Closed einkoro closed 3 years ago
Also worth noting this might be a problem for sites that modify the url on load like a lot of medium sites with cnames that are setting cookies and appending parameters. A good example is or at least was: https://blog.hunter.io/
Also worth noting many sites publish feeds but do not bother to add the auto discovery markup in the head anymore such as Apple, the BBC and CNN as common examples. This could be done as a known feeds map separately.
This would probably be best as a CloudFlare worker API that’s called when no feeds are discovered. Or alternatively every page and compared with discovered feeds?
Examples: https://www.apple.com/ca/rss/ https://www.bbc.co.uk/news/10628494 https://www.cnn.com/services/rss/
Relevant services, APIs and projects: https://feedsearch.dev/ https://developer.feedly.com/v3/search/ https://github.com/DBeath/feedsearch-crawler https://github.com/ggkovacs/rss-finder
It might even be a better idea to spin off a new extension / web service for this than bolt it over the existing plugin due to the cost to run such a service. A yearly or monthly subscription model would make more sense for such an extension.
How would we address private feeds such as GH?
Crawl links with text or href values containing rss, atom, rdf, json, or feed.
If parsing pages for feeds was moved from the injected client side script to a server side API we wouldn’t need the entitlement for full access which is apparently scary judging by AppStore reviews complaining about security risks.
This could likely be done on AWS Lambda free tier.
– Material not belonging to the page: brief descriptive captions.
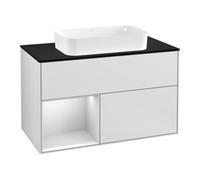 Villeroy & Boch V&B Meuble sous lavabo Finion 100, éclairage mural, placard bas, porte gauche, blanc mat laqué Quantité:1
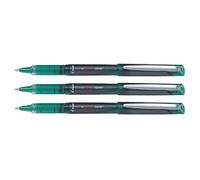 PILOT Lot de 3 Stylos Roller V-BALL GRIP Pointe Métal Large 1 mm Encre Liquide Vert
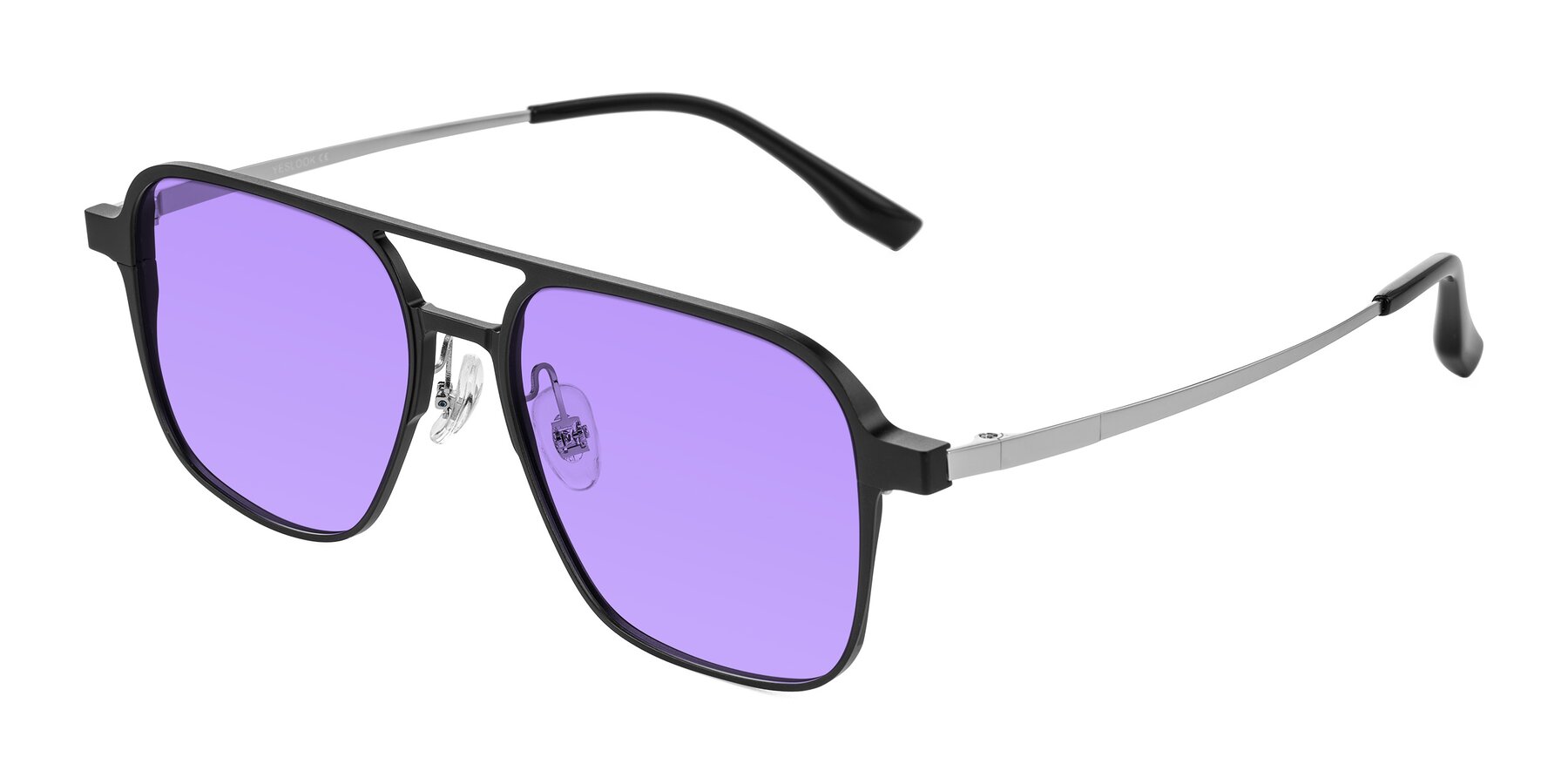 Angle of Sanya in Matte Black/Silver with Medium Purple Tinted Lenses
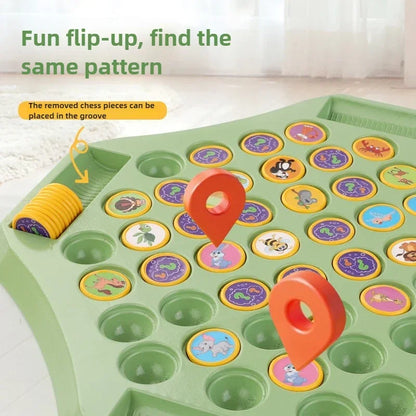 Kids Battle Chess Educational Toy Observation Concentration Training Fun Animal Flip Chess Parent-child Interactive Game Toys by Smarsty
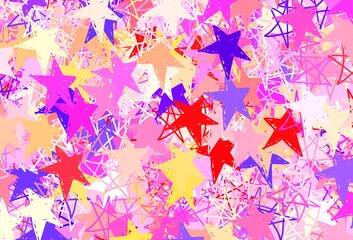 Light Pink, Yellow vector pattern with christmas stars.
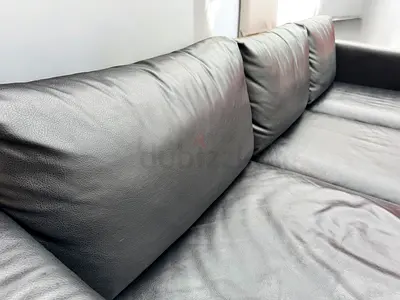 Ikea vimle black leather L Shape sofa bed with mattress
Additionally CloudFlare workers could be used to cache at the edge and reduce costs or the entire thing could be handled at the edge by CloudFlare workers. Much better latency (no cold starts) and much more predictable costs with only CloudFlare workers.
Pros:
Cons:
Machine learning might be viable to sniff out feeds linked on the page that don’t have alternates or for providing feeds from page content when no feeds are available.